Property Assessed Clean Energy (PACE) bonds sound like a great idea. But are they? Rachel Somerstein, who attended the Sustainable City Finance conference, examines this new way to fund retrofitting buildings.

Chris Phan

Here’s a hypothetical. You live in a nice, airy, fourth-floor walkup. Together with your hip, eco-conscious neighbors, you dream about installing solar panels on the roof and making other green improvements to the building. That way you’ll save money on your energy bills and feel good about yourself to boot, while still enjoying your building’s wainscoting and prewar detail. There’s only one problem: where are you going to get the money to buy those solar panels – which can cost anywhere from $20,000 to $80,000 for a single home?

Enter PACE bonds, which stands for Property Assessed Clean Energy. Jack D. Hidary, of his eponymous foundation, presented PACE earlier this month at the Sustainable City Finance conference, held at the New York Academy of Sciences and hosted by the Urban Age Institute.

At first blush, the idea is a good one: commercial and residential property owners borrow money from banks to retrofit their buildings or buy renewable energy systems. The cost of the loan is then tacked on to the owner’s property taxes, who have 20 years to pay it back. That way, if I borrow $1 million to retrofit my building, but then sell my building five years later, I’m not stuck with the debt – the new owner is.

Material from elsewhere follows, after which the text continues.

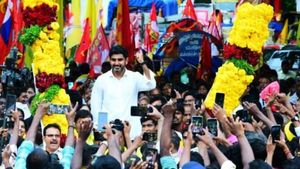 నారా లోకేష్‌‌ను నీడలా వెంటాడుతున్నారు..!!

PACE has other fine features as well. Retrofitting creates local jobs – plumbers, electricians, contractors. Because PACE is attached to property taxes, it’s especially safe for lenders. In fact, Hidary likened it to a Treasury bond – the kind of thing your grandmother bought and stowed under her mattress, and which safely accrued a small, steady amount of interest each year. Most important, though, is what PACE represents: a new product, or investment vehicle, from which to profit.

And it’s for this reason that I believe PACE is worthy of attention.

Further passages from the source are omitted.